The curators priorities are:
Job security: Don't rock the boat; praise what others praise, condemn what others condemn.
Get promoted: Organise popular exhibitions; borrow famous works.
Get funding: Schmoose millionaires, philanthropists, and government for buckets of money.
Build the collection: Buy famous pictures or promote cheap stuff to make it famous.
Advance personal status: Go to conferences, write scholarly articles for curators and academics, get cited by others in exchange for citing them.
Grasp more responsibility: If photography is too small then swell your department by absorbing video, movies, "digital media", photo-realist painting, works on paper, anything.
Become essential: Know where the bodies are buried, who's on the take.

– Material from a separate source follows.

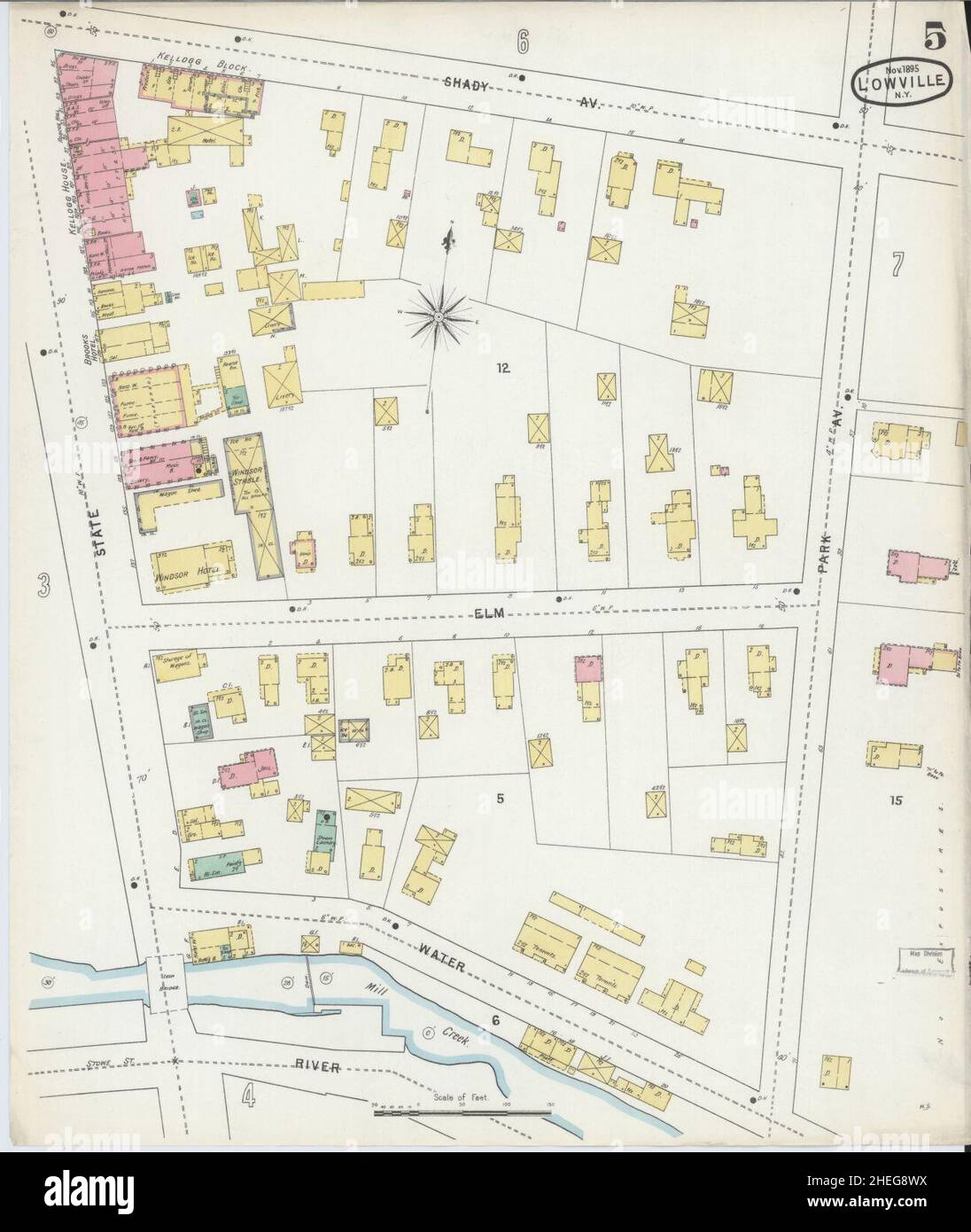 Sanborn Fire Insurance Map from Lowville, Lewis County, New York Stock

When funding cuts come they'll sack someone else or you will squeal...publicly.
On the other hand if you ask a curator to critically assess the aesthetic merit of a photograph out of context (no history, no provenance, no author) you rarely get anything of value. Telling the good ones from the bad ones is not part of the training, not part of the job description.
I find his work interesting, but I was only using him to clarify my idea of where I think the 'documentary aesthetic' originated, which is very prevalent in contemporary work. Have a look at anything in the British Journal of Photography - the only real magazine we have on contemporary practice over here and how most keep up to date. I believe this kind of photography to be a direct response to the critic, rather than a natural progression of the medium. More an intellectual defensive, rather than a continuation of creative exploration with light sensitive materials. Personally, I don't think the photograph is the best format for a thesis.
I wonder if Minor White's statement means anything to this wave of photographers '...an unexposed piece of film [sensor], static and seemingly inert yet pregnant with possibilities.' Because I believe for anyone who enjoys making photographs, in spite of the statements they want to make, this pretty much sums up the basic love of the medium. It's something they would do well to remember, because people only pick up a camera with joy, yet most of the work I see is devoid of it, in favour of an imposed intellectual position. Somewhere along the line the photographers became the critics and the curators became the artists.
If you look at popular music you'll see that producers and DJs are the new singer-songwriters, the artists. It's not a problem confined to photography, but more, in today's culture, that taste equates art. The increasing masses of work produced seems to be simply raw material for the curator's game.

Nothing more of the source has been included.